English recipient of the Victoria Cross

John Freeman VC (1833 - 1 July 1913) was an English recipient of the Victoria Cross, the highest and most prestigious award for gallantry in the face of the enemy that can be awarded to British and Commonwealth forces.

==Background==
John Freeman was born in Sittingbourne, Kent in 1833. He died in Hackney, east London on 1 July 1913 and was buried in Abney Park Cemetery, Stoke Newington.

==Military career==
Freeman was approximately 25 years old, and a private in the 9th Lancers (The Queen's Royal) Regiment, British Army during the Indian Mutiny when he was awarded the VC for an act of conspicuous bravery at Agra.

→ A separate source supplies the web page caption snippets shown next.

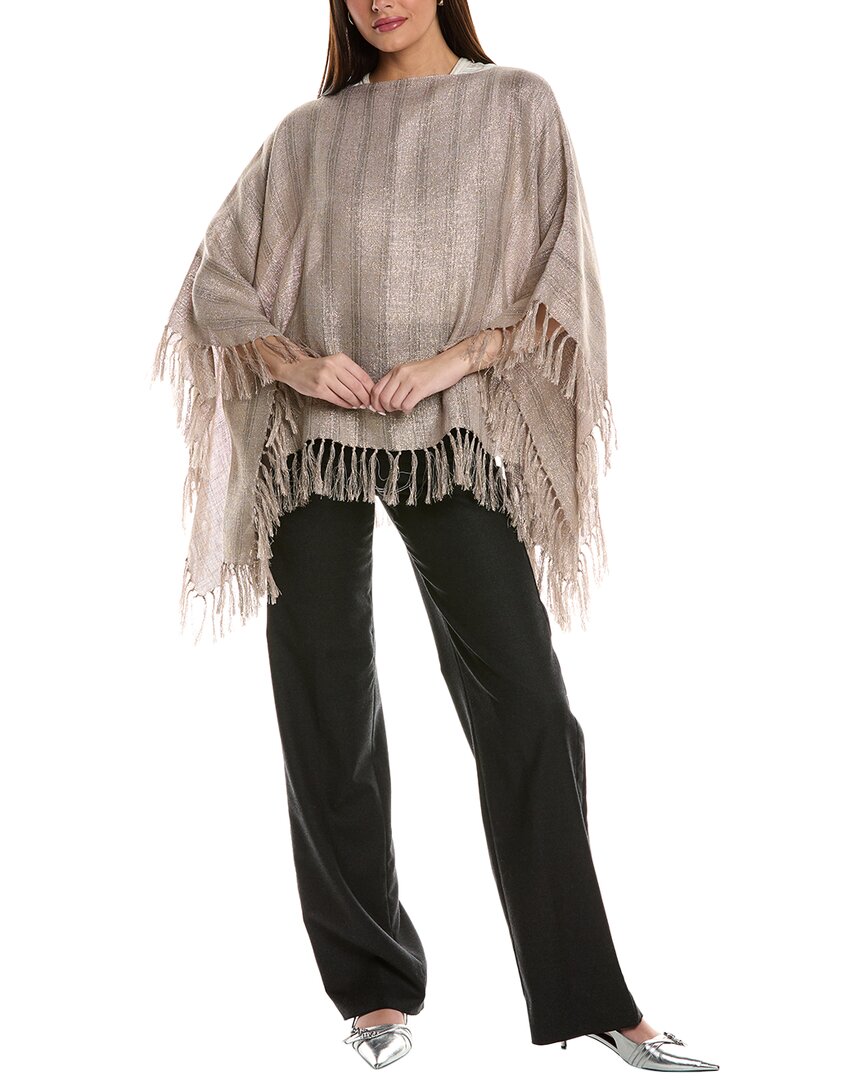 Brunello Cucinelli Linen-blend Poncho In Brown
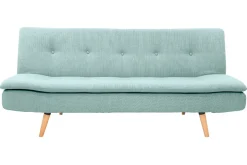 Miliboo Canapé Convertible|Voir Tous Les Canapés-Canapé convertible scandinave 3 places en tissu vert lagon et bois clair SENSO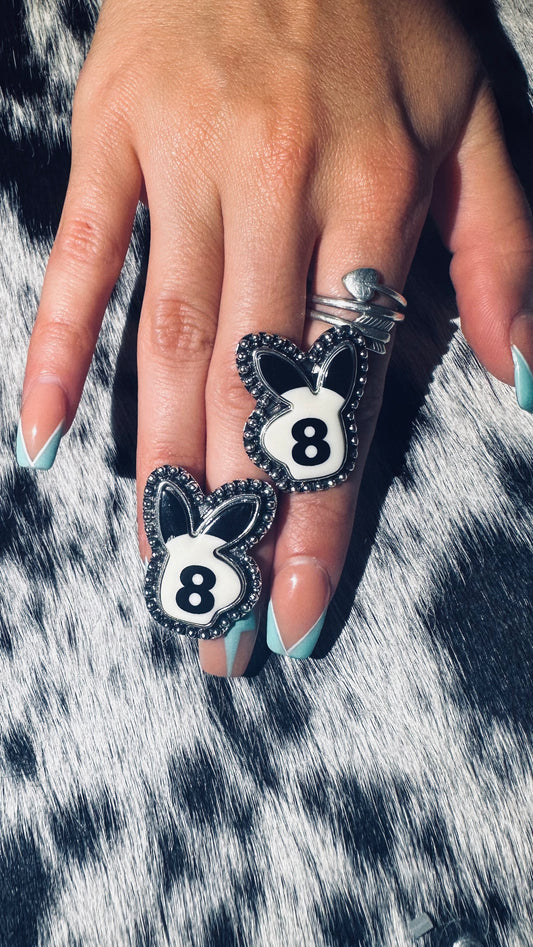 Playboy 8 ball earrings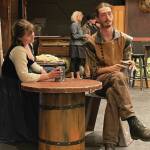 Katia Holmes and and Liam James rehearse script for Falstaff and the Endless Machine at the Pier One Theatre on Aug. 1, 2024 in Homer, Alaska. (Emilie Springer/ Homer News)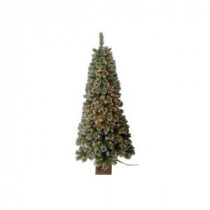 7 ft. Pre-Lit Potted Flocked Pine Artificial Christmas Tree with Lights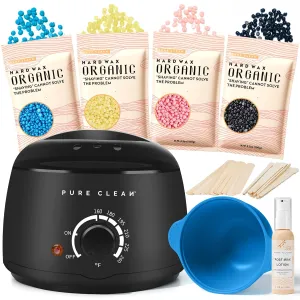 Waxing kit, Hair Removal Home Wax Warmer, Hard Wax Kit with 4 Formula Hard Wax Beads for Full Body, Legs, Face, Eyebrows, Bikini Women Men At Home Waxing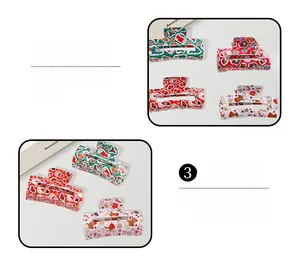 Close-up of colorful Christmas hair claws with Santa, reindeer, and candy cane prints
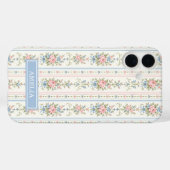 ピンクブルーの水彩花柄ストライプ Case-Mate iPhoneケース (裏面 (横))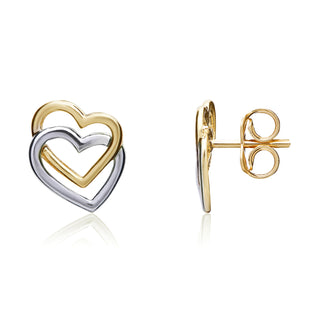 9K Yellow & White Gold Double Heart Stud Earrings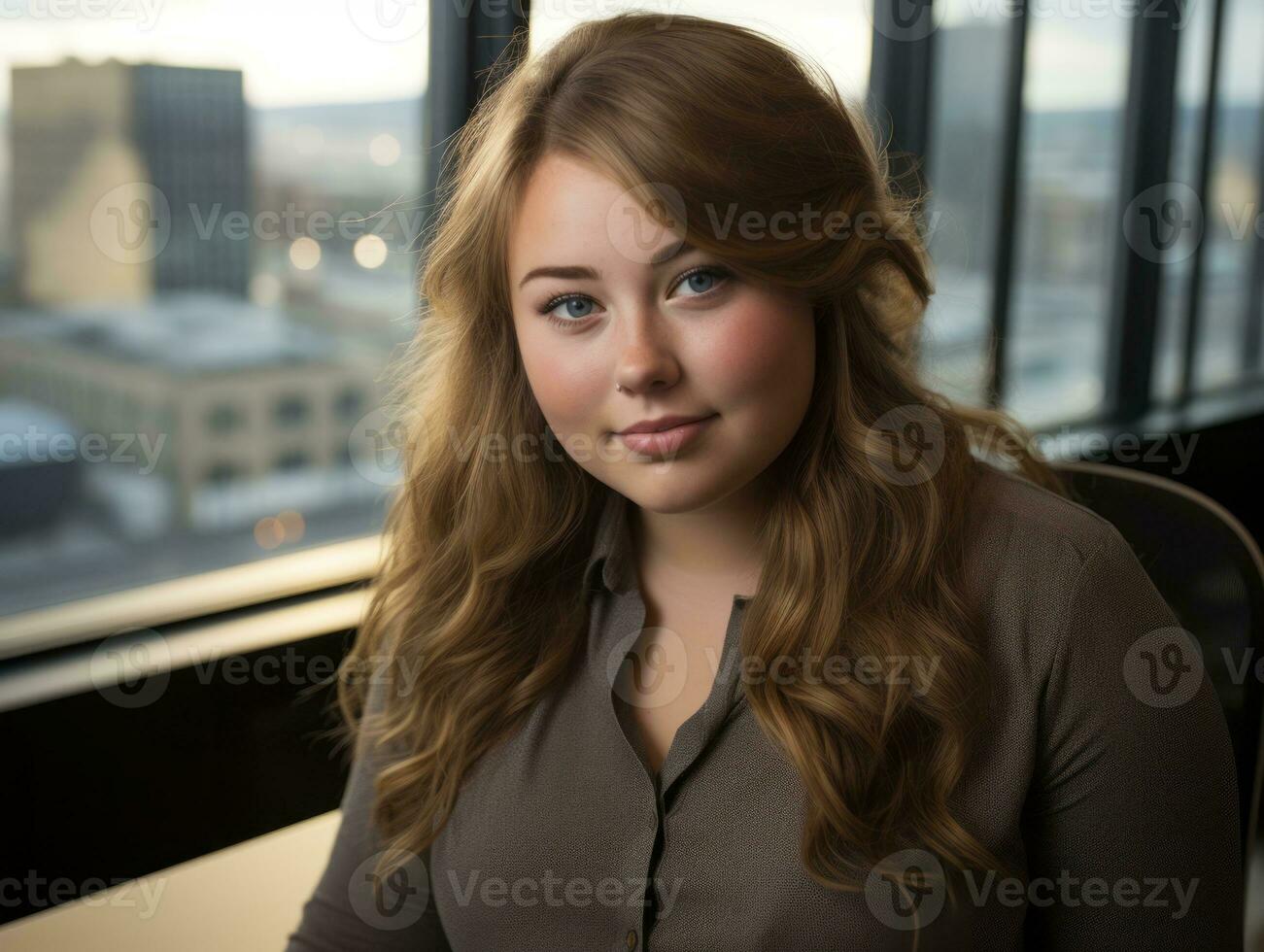 a woman sitting in front of a window generative ai photo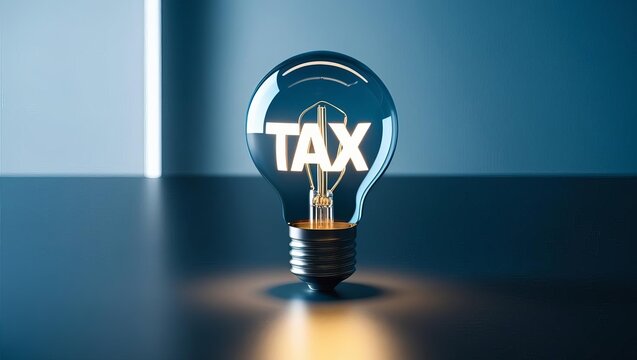 Innovative creative idea of a light bulb with the word TAX inside, symbolizing taxation and financial concepts, on a sleek and modern surface with blue background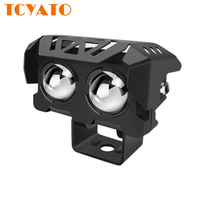 Phares de moto à 2 lentilles TCYATO, projecteurs LED, feux de route, ampoules de travail, feux antibrouillard pour voiture et camion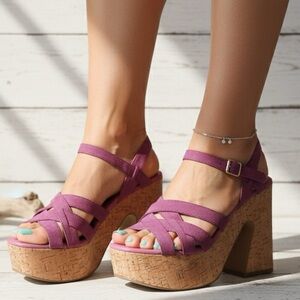 New Free People Libson MJ platform heels cork chunky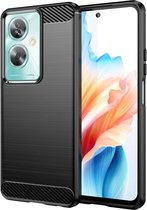Coque en TPU brossé adaptée pour Oppo A79 | Housse de protection | Couverture verso | TPU flexible | Carbone élégant | Fin | Noir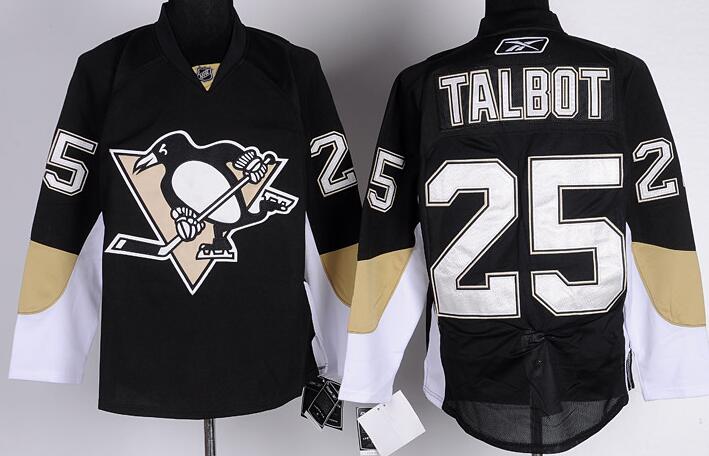 Pittsburgh Penguins 25 Maxime Talbot Black men nhl ice hockey  jerseys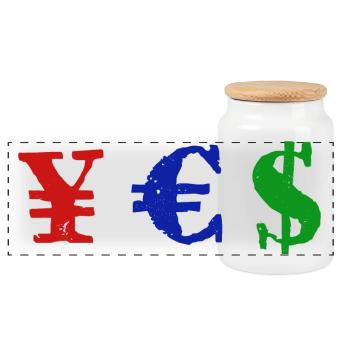 Yen Euro Dollar - YES - Panorama Keksdose mit Holzdeckel - Weiß - Vorne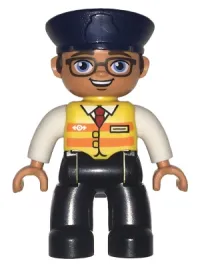 LEGO Duplo Figure Lego Ville, Male, Black Legs, White Shirt, Yellow Safety Vest with Train Logo, Dark Blue Hat, Brown Hair and Glasses minifigure
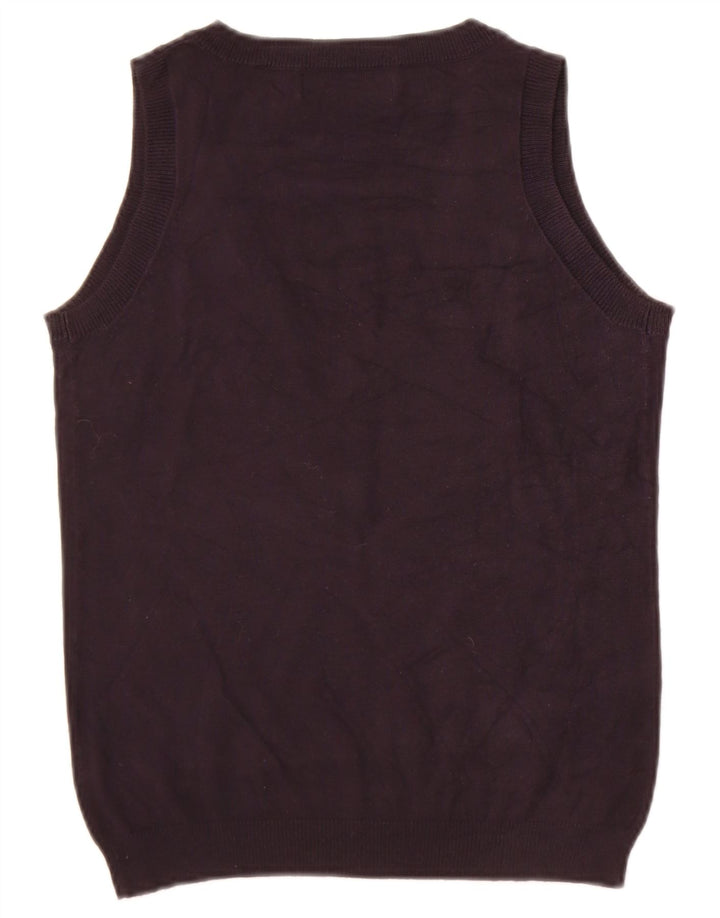 Zara Dame Vest Tank Top UK 12 Medium Navy Blue Bomuld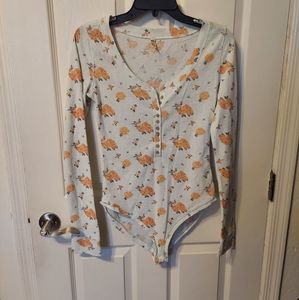 Free People Dylan floral printed henley bodysuit in sky SzM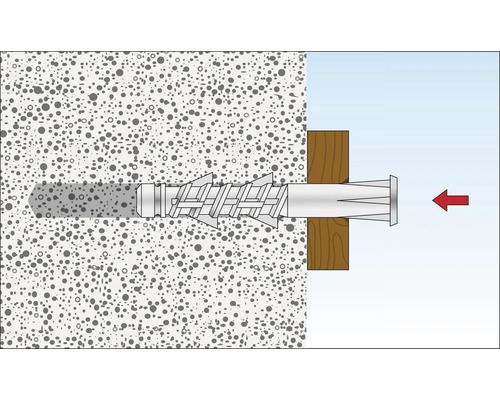 Illustration av en pluggfixering i en betongvägg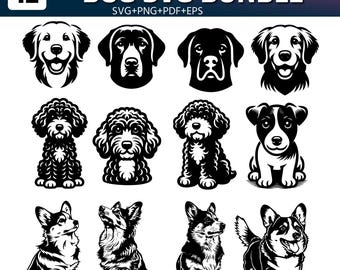 Dog SVG Bundle | 42 Puppy Cut Files | Pet Lover Silhouette (Digital Download)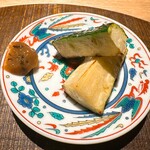 炭割烹 新谷 - 和歌山県産ズッキーニ梅肉添え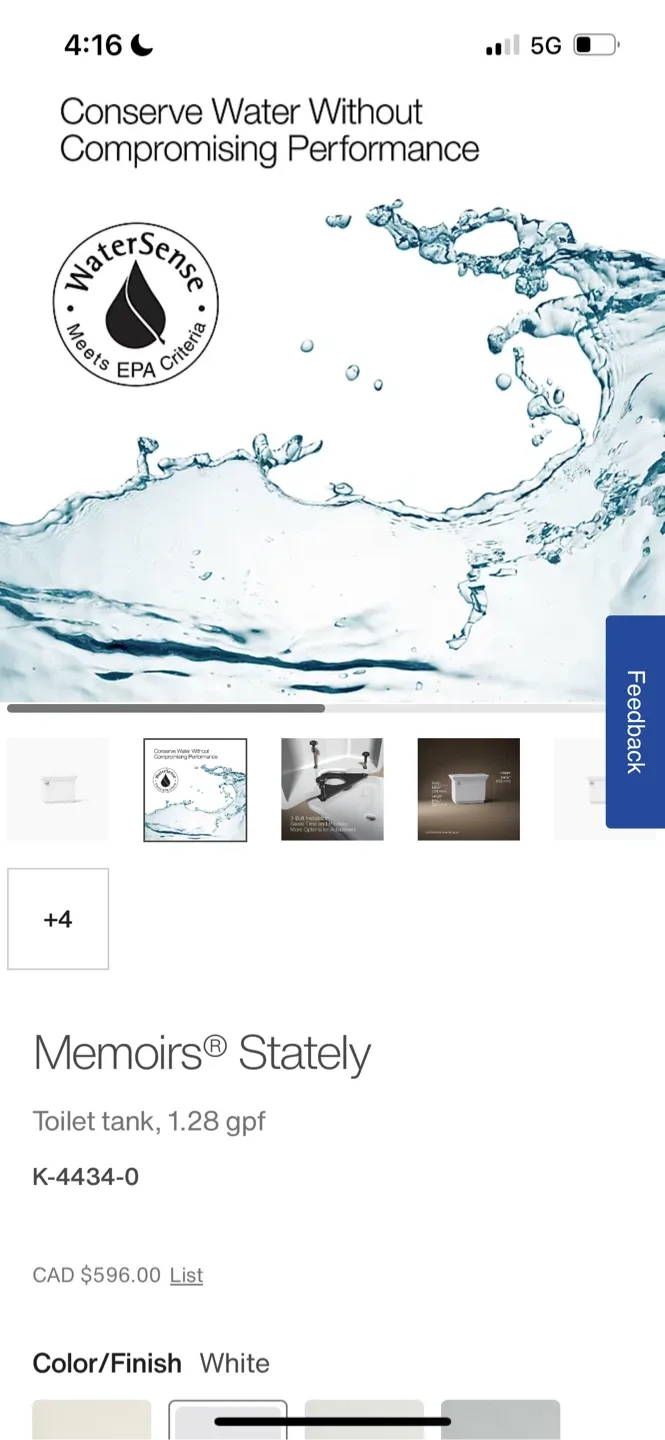 New Kohler Memoirs Stately Toilet Tank - White image indicator(4)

The despatch from Major-General Sir James Hope Grant, KCB, dated 8 April 1858 reads:

"For conspicuous gallantry on the 10th of October, 1857, at Agra, in having gone to the assistance of Lieutenant Jones, who had been shot, killing the leader of the enemy's cavalry, and defending Lieutenant Jones against several of the enemy."

In The London Gazette dated 3 August 1858, the Nominal Return of Casualties, in action, in Her Majesty's Troops at Bareilly, on 5, 6 and 7 May 1858 indicates that Freeman was "dangerously wounded".

His VC is on display in the Lord Ashcroft Gallery at the Imperial War Museum, London.